Dvoryanets worked as an hydraulic engineer at a collective farm named after Vladimir Lenin in the village of Hornostaipil from 16 October 1972 to 16 June 1983. She went on to work as a senior project group engineer at the Chernobyl Department of Drainage Systems between 17 June 1983 and 4 May 1987. In 1985, Dvoryanets and her family relocated to the city of Chernobyl. She was a liquidator who helped to clear the consequences of the Chernobyl disaster at the Chernobyl Nuclear Power Plant in 1986 after she was evacuated from the Chernobyl Exclusion Zone to Shibene in Borodianka Raion on 5 May of that year. Dvoryanets worked as an engineer at the mechanisation department and was also an engineer-dispatcher of the Kyiv Department of Land Reclamation and Water Management, Kyiv water protection works department from 5 May 1987 to 31 March 1988. On 2 February 1988, she and her family moved to Brovary. Dvoryanets acquired employment as a senior inspector in the personnel department of the Brovary Department of Irrigation Systems from 1 April 1988 to 30 July 1994. Between 1 August 1994 and 1 May 2011, she worked as a lead hydrotechnical engineer at Chornobilvodeksploatsiya in Kyiv, ensuring that radionuclides did not enter the water streams of the basins of the Pripyat and Uzh rivers. Dvoryanets was a leading hydrotechnical engineer at the Chernobyl Special Plant from 1 May 2012 to 4 May 2012. She retired in 2012.

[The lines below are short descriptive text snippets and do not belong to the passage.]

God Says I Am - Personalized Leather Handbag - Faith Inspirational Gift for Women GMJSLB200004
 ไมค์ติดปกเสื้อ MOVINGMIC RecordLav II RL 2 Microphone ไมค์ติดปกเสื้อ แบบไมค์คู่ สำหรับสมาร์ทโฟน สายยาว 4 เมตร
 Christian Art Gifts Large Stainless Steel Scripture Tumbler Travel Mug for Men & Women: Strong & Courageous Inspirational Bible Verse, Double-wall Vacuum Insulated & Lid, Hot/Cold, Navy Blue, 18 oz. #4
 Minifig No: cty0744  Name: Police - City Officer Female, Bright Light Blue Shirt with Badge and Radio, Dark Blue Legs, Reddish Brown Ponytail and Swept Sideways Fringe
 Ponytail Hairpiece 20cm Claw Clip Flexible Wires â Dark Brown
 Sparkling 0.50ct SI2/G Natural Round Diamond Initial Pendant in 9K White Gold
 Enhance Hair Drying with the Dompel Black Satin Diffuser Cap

From the start of the 2000s, Dvoryanets took part in various activist causes in public. She partook in the Ukraine without Kuchma mass protest that lasted from 2000 to 2001. Dvorianets was also an active participant in the Orange Revolution in 2004. From late 2013 to early 2014, she actively participated in the Euromaidan protests at Maidan Nezalezhnosti in Kyiv, becoming acquainted with several women in the House of Trade Unions and provided food and drink to fellow activists. According to a colleague of hers, Dvoryanets took part in the protests to ensure the future of her family for generations.

==Personal life==
She was married to the plant worker Ivan Grigoryovych Dvoryanets from 1 May 1973 until her death in 2014 and they had two children. Dvoryanets did embroidery in her leisure time.

==Death==
On 18 February 2014, she peacefully picketed at the Verkhovna Rada before going on to join a barricade on Institutskiy Street near to the upper entrance of Khreshchatyk Metro Station where she was beaten to death by the Berkut Police Force after attempting to protect her fellow protesters. A coroner recorded her cause of death as a heart attack but her family disputed this; her family were required to sign Dvoryanets' death certificate before her ashes could be released to them. She was given a funeral service on the afternoon of 20 February, and she was buried at a cemetery in Brovary.

==Awards==
She was posthumously made an honorary citizen of the City of Brovary during a session of the Brovary City Council in September 2014. In November 2014, president Petro Poroshenko posthumously conferred Dvoryanets the title of Hero of Ukraine with the Order of the Gold Star "For civic courage, patriotism, heroic defense of the constitutional foundations of democracy, human rights and freedoms, selfless service to the Ukrainian people, demonstrated during the Revolution of Dignity."

A memorial plaque dedicated to her was unveiled on the facade of her residence in Brovary in April 2015. Two months later, the Ukrainian Orthodox Church – Kyiv Patriarchate posthumously awarded Dvoryanets the Medal "For sacrifice and love of Ukraine". The Chubarya Brewery Street in Brovary was renamed after her by Brovary City Council on 25 December 2015. The Supreme Archbishop of Kyiv-Halytsk UGCC posthumously conferred her an honorary diploma in May 2016. Dvoryanets's name and portrait are engraved on the memorial of the Heroes of the Heavenly Hundred in Kyiv on Instytutska Street.